The diverse locales and experiences recalled in the Global Art Project confirm that it was originally directed towards recognizing, buttressing, and fomenting links between the City of Edmonton and Worldwide communities. As it unfolded, however, a substantial component of this collective endeavour became intimately linked to an innovative literacy and cultural awareness program called Carving Vignettes. This associate program is intended to help provide opportunities, to challenge tiresome stereotypes and inequities, and to generate equal treatment for the narratives and perspectives offered by contributors. While the vignettes are constructed according to some well-worn rhetorical techniques and leading contemporary communication strategies, the works still constitute a new form of historical record. Furthermore, the Homeglen School of One Global Art Project is deeply committed to the promotion of multidisciplinary scholarship, advanced deliberative research techniques, and excellence in Public History, especially within the realm of what leading Mexican neuroscientists might define as “the pathways of memory,” (rastros de la memoria). E-tourists who visit this site will recognize the value of combining object, image and text for thoughtful recollection and cognitive expeditions towards an appreciation of difference.

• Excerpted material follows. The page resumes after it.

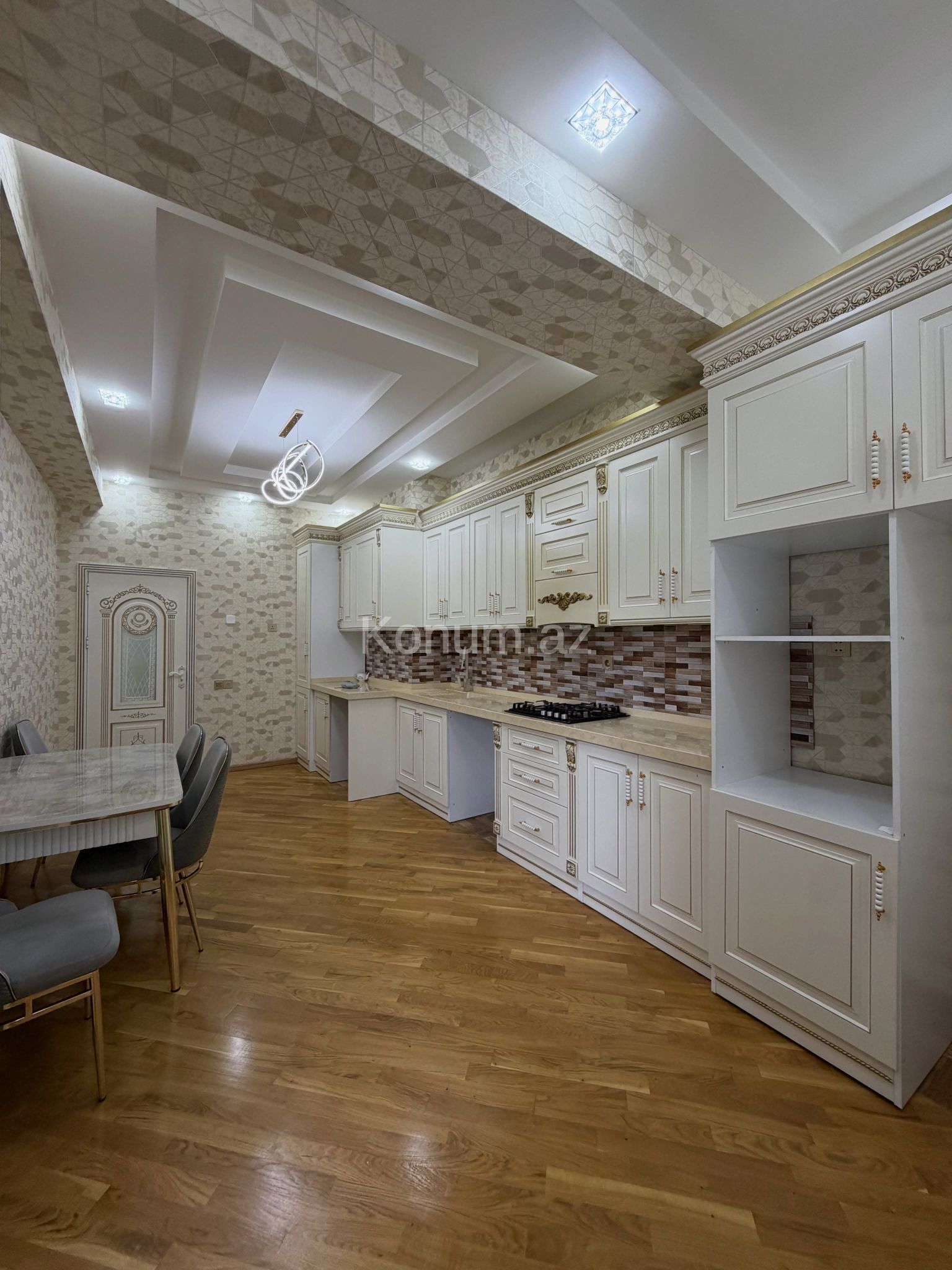 4 otaq, 136 m², 5/11 mərtəbə - Bakı, Nəsimi - satılır — foto 7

The Global Art Project encompasses two overarching, straightforward categories of activity, both of which are linked further to three overlapping layers or types of participation. One form of activity is undertaken by collaborating contributors while another embraces reading viewers engaged in turismo electrónico. The images reading viewers encounter on the main page of the Global Art Project reveal how anonymous collaborating contributors have taken pictures of various pieces in a wide array of venues during their travels as a relatively easy, fundamental form of participation. These photographs are part of an increasingly large pool of images and will be rotated by the Homeglen School of One every few months during the lifetime of this project. Meanwhile, the activities of collaborating contributors also include the production of anonymous, individual travel accounts and group galleries that combine portraits of the carvings with narratives that follow the Carving Vignettes program.

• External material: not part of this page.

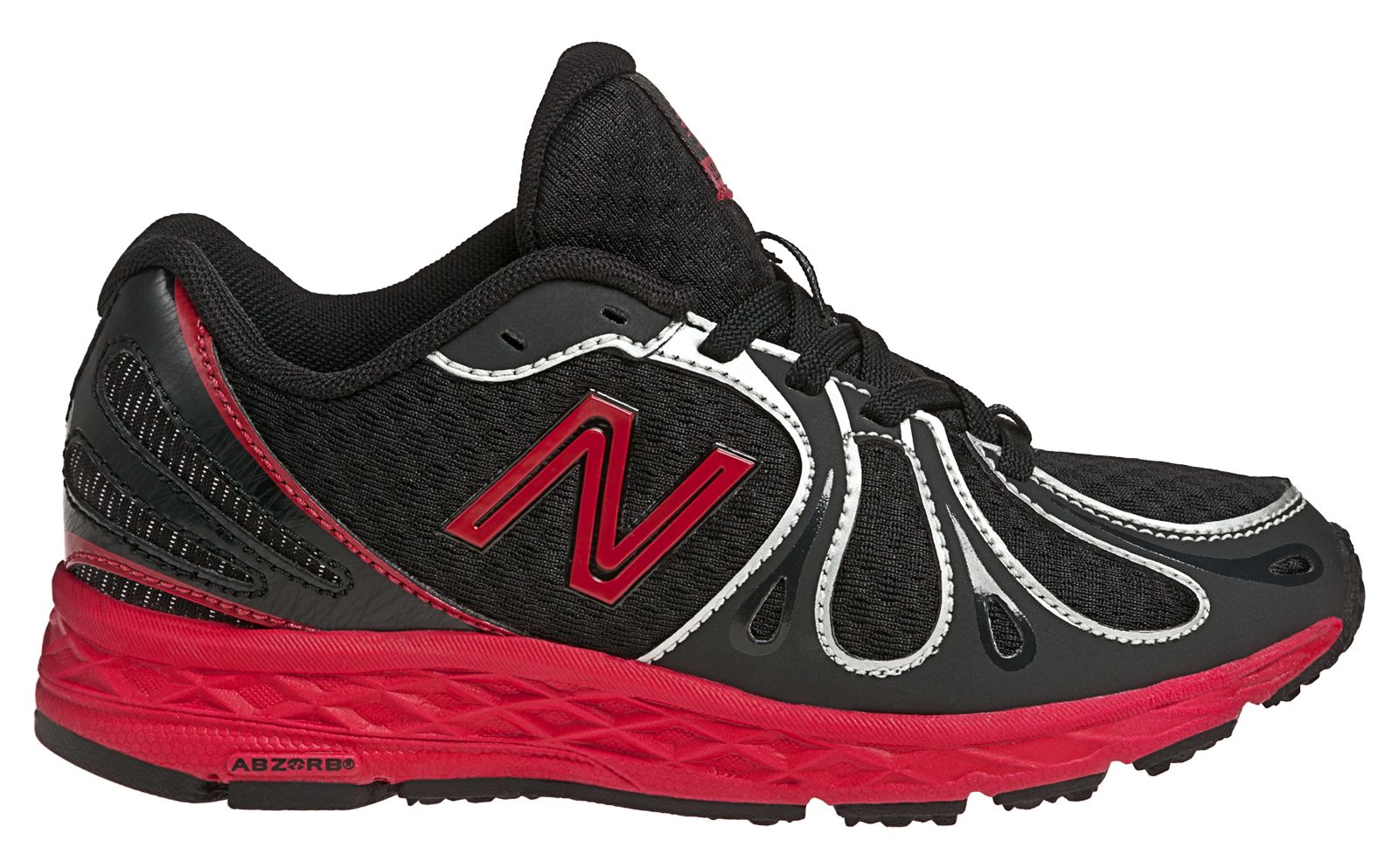 New Balance 890v3, Black with Red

The travel accounts and galleries demonstrate that this unique e-space harks to a model originating and marshaled frequently in the pre-Columbian Americas for the recollection of four specific historical moments in the present (2 + 2 + 1), folded together according to the rhythm of non-linear, cyclical notions of time and seasonal light. Every vignette reading viewers consider at each juncture of this archive is marked by the production time used to complete its respective carving; the time taken to write a description and title of the carving; the moment surrounding the photograph of the carving; and the final period used to pen an anonymous and gender-neutral narrative that corresponds to the portrait. Hence, the galleries and individual travel narratives that inform the Global Art Project clearly reveal the intrinsic value of routine Mesoamerican concepts for Worldwide societies in our present without the utilization of exoticism, “Orientalism,” “colonization,” or fantastic tropes regarding human sacrifice.

Send us an e-mail us at contact@homeglenschoolofone.com if you would like to become a collaborating contributor or if you have further questions about this project. Otherwise, please enjoy your visit. We hope you return.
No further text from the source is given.